# Hamilton K-475



## FuriousPig (Jun 17, 2009)

I know it's not electric but I think it belongs here.

Up for sale on the famous web auction site.

I have been waiting for one of these to come up for sale for some time. To my mind it is the best looking Hamilton watch ever made. Not sure if it was designed by Arbib but if it wasn't, it was defiantly inspired by him.

Looks like it will sell for some horrendous money since it's already at a good price & it's innards are goosed.

Worth a look if you have never seen one before.

Beautiful.


----------



## FuriousPig (Jun 17, 2009)

Somebody obviously made them an offer they couldn't refuse, wish I'd thought of that.

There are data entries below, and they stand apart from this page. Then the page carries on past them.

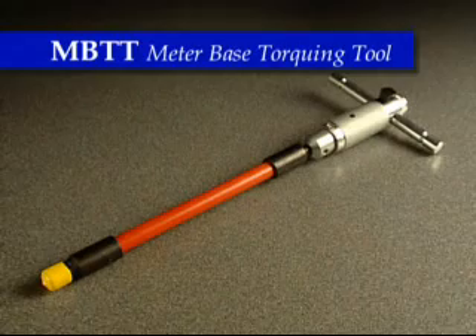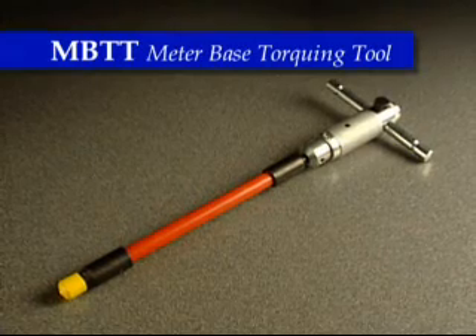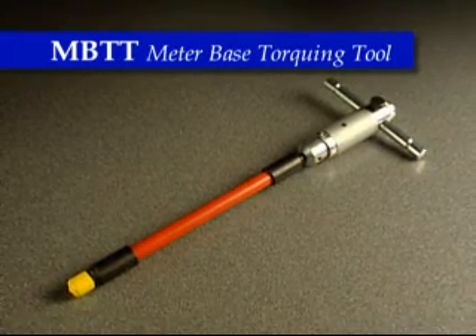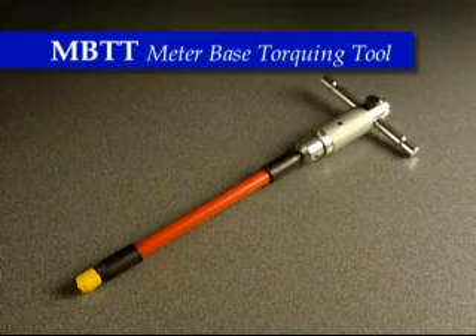The MBTT 150 meter base torquing tool allows the proper insertion of Landison gear K base, three phase or similar meters without shorting, sparking, or causing flashover. The MBTT socket end is isolated from the tool's handle by an insulated composite shaft which is rated to a thousand volts.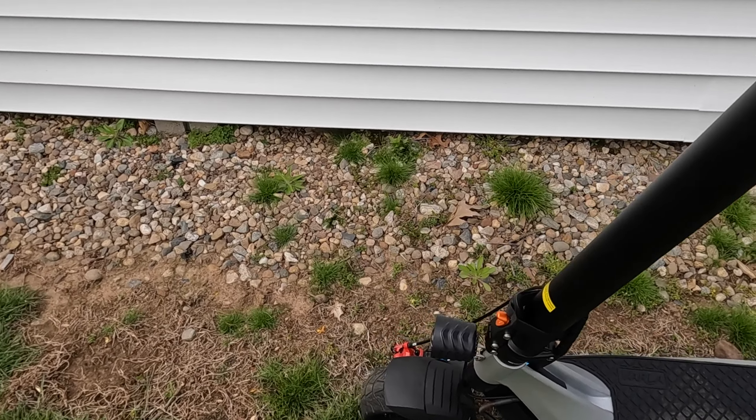You've also got a kickstand located up towards the front of the scooter, along with some reflectors. The deck is 6.7 inches wide — plenty of room for your feet. I usually rest my rear foot on the back, but watch out for the ring back there. They do give you an extra ring just in case you break it, along with a couple of extra screws.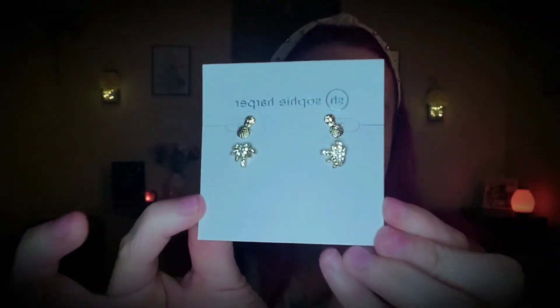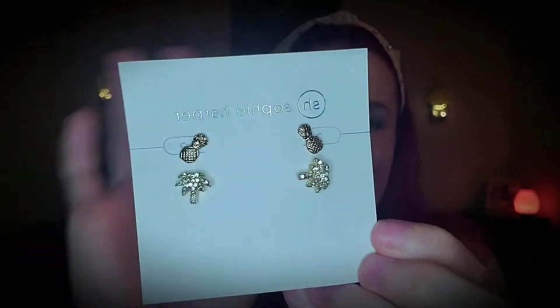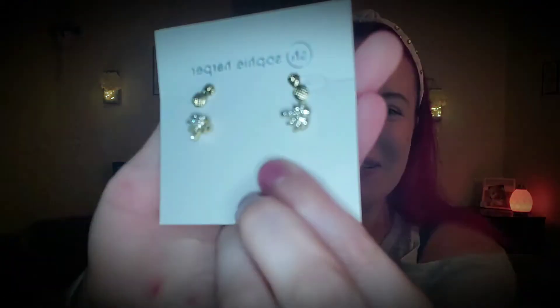Oh wow. So all three of them come in their own separate little packaging and a little tote-looking thing, which I think is super cute. It makes it more elegant for the jewelry. So the first thing I got were these two cute little earrings for summertime. I thought these were adorable and I cannot wait to wear these, especially the little palm trees because they have diamonds on them.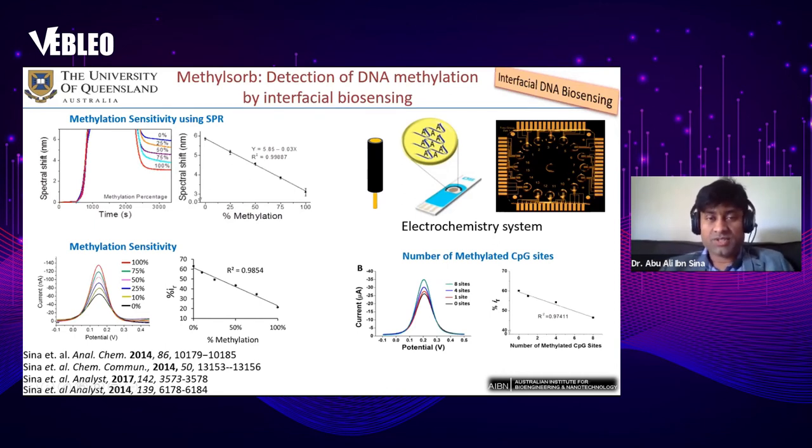We started this interfacial biosensing program around 2014 and have published several papers in Analytical Chemistry, ChemComm, and The Analyst. However, the major drawbacks of these methods are that they involve bisulfite treatment and polymerase chain reaction, which are time-consuming. Our goal was to improve the interfacial biosensing technology by avoiding this sample processing — bisulfite treatment or PCR — while still developing a technology for detecting cancer.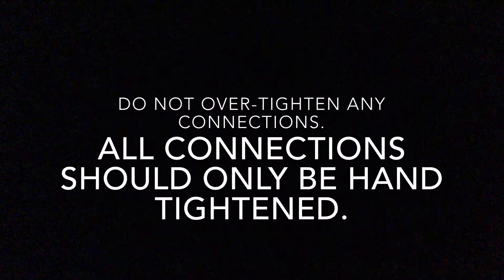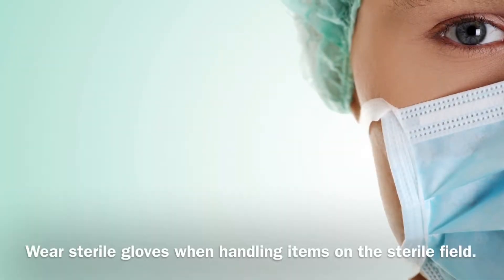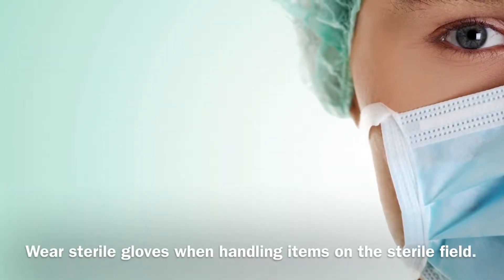Do not over-tighten any connections. All connections should be only hand tightened. Wear sterile gloves when handling items on the sterile field.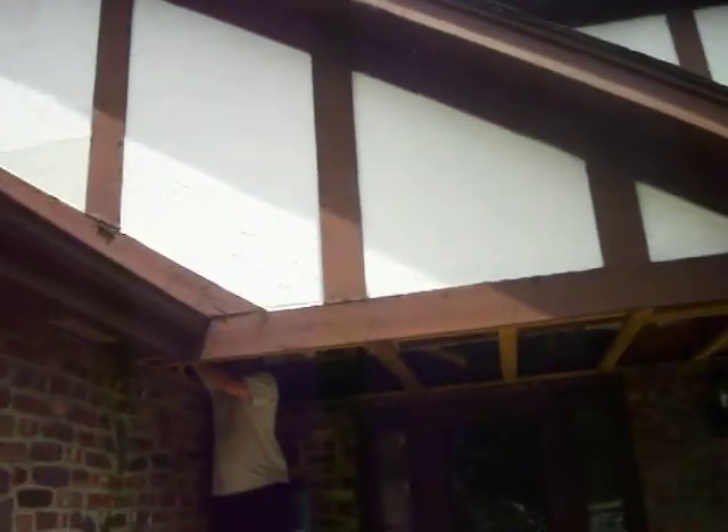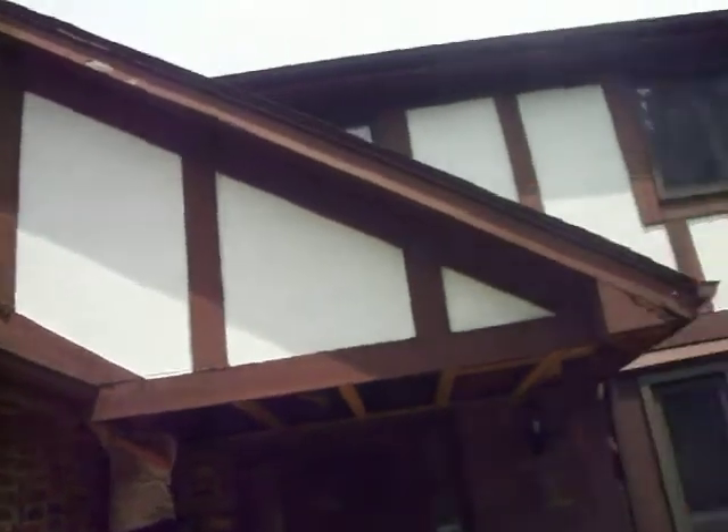We don't want this built into our cathedral ceiling porch, so this will all get cut out. It's going to be an interesting little project — we'll cut in right here, so we'll see.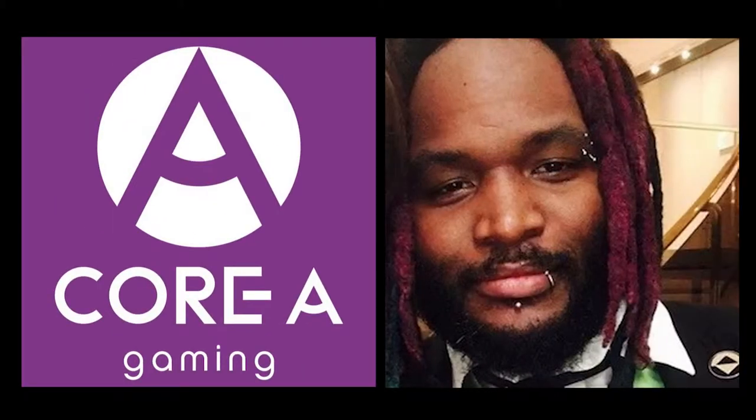Hello and welcome to Joystick 101. This is a show where I attempt to explain basic principles in esports as simply as possible. Before I get started, I do want to mention that any videos on fighting games I would consider supplementary to videos by Kore Gaming and Wooly Versus, who have been doing this for quite a while.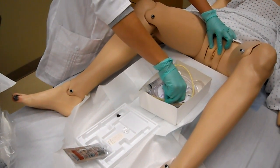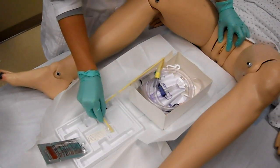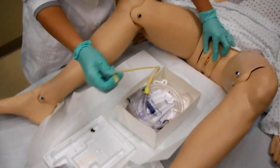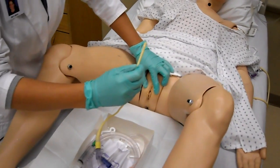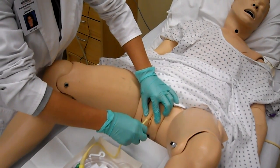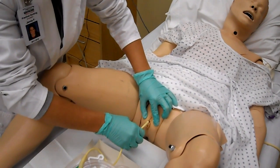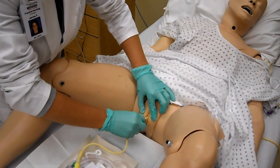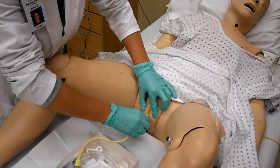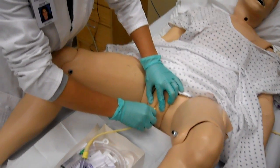You're going to take your catheter and put the lube on the tip about two to three inches. Have your patient take a deep breath, and as they breathe out, you're going to insert. With the tip, point it upward so it doesn't slip. Insert it about three to four inches until you get urine back into the catheter, then insert it about another inch to make sure you're in the bladder.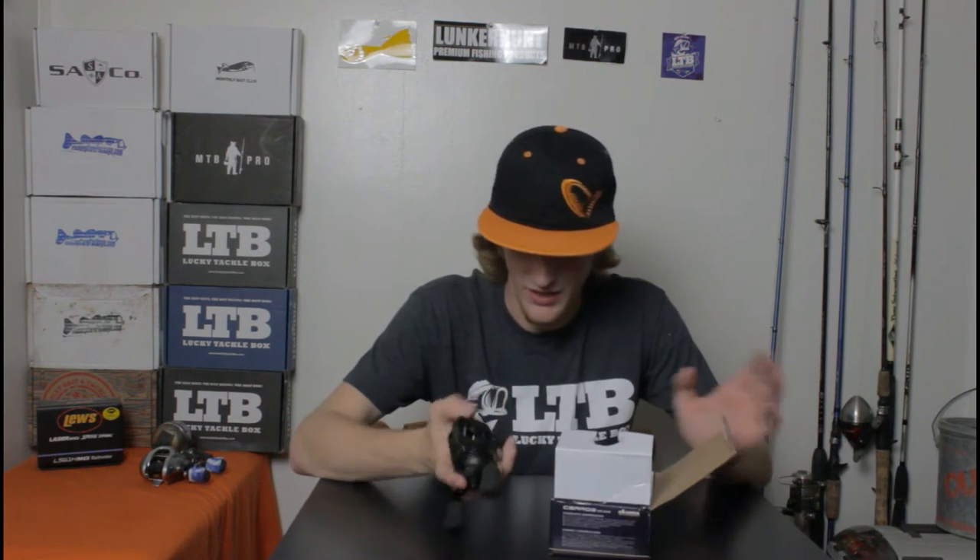We got MicroClick Drag Star. It goes up to 10 on the side right here, but it actually clicks all the way up to 23 times. That's pretty cool.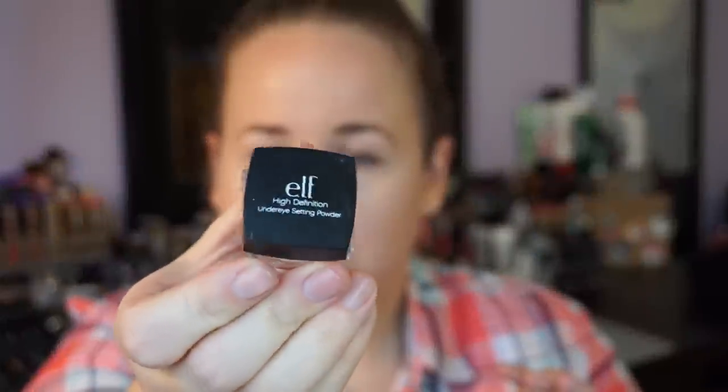I'm going to set that with the HD lighting powder by Elf.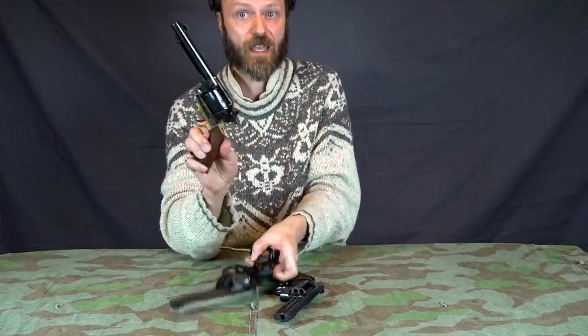Though this pistol and this pistol look extremely similar, this one is actually a much more practical, fast-firing design.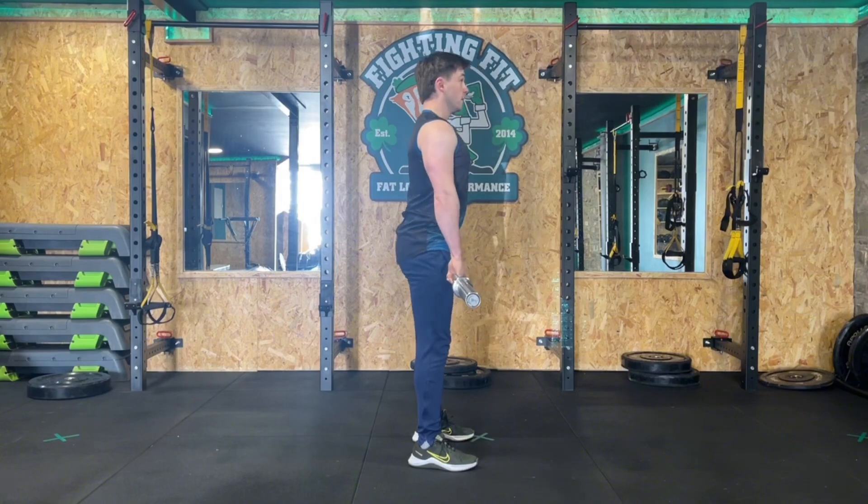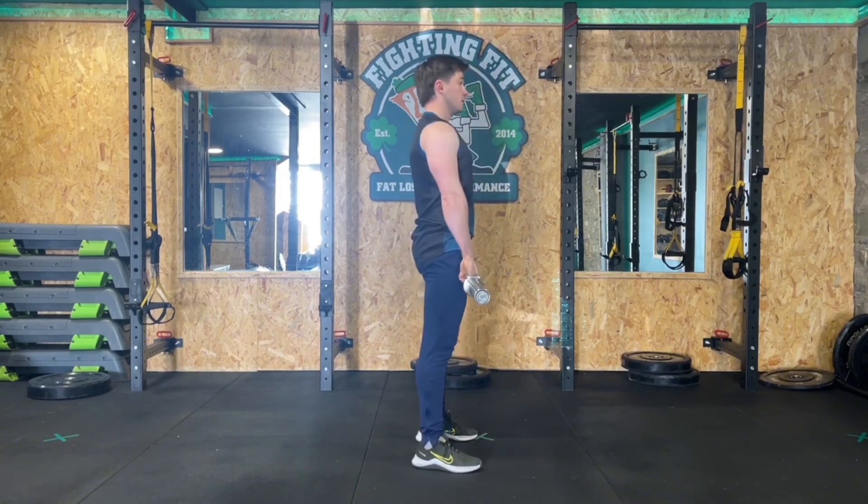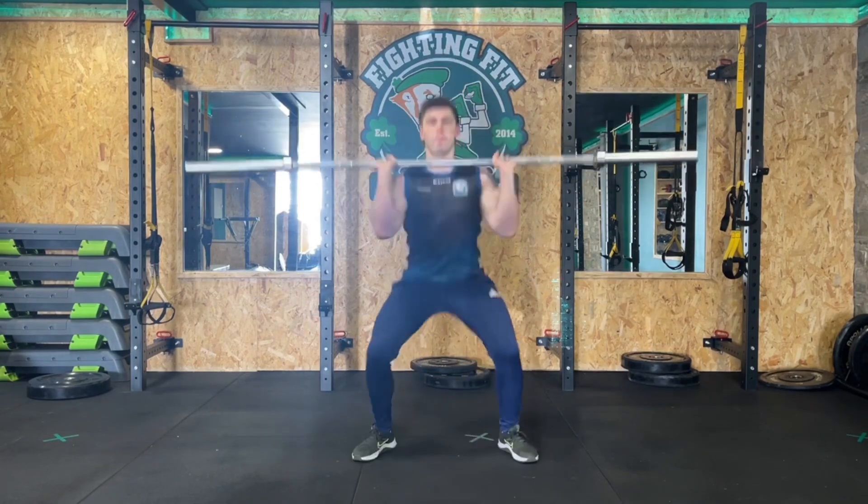In a single explosive movement, extend your hips, knees and ankles while at the same time shrugging your shoulders. The bar travels upward. Quickly drop under the bar by bending your knees and catching the bar in the front rack position. Your elbows should be high and pointed forward.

If it was someone from here please post shots of it when you refurb it, I'd love to see it.


----------



## martinus_scriblerus (Sep 29, 2008)

FuriousPig said:


> Somebody obviously made them an offer they couldn't refuse, wish I'd thought of that.
> 
> If it was someone from here please post shots of it when you refurb it, I'd love to see it.


I asked the guy to consider an offer from me. I heard NOTHING back. I am thinking that what may have happened is that another person posted an NOS movement on ebay (which is now sold). I am thinking that the seller may have bought the movement and stopped the auction to complete the watch before selling it again. I know the seller of the movement so I'll see if he will tell me the story.


----------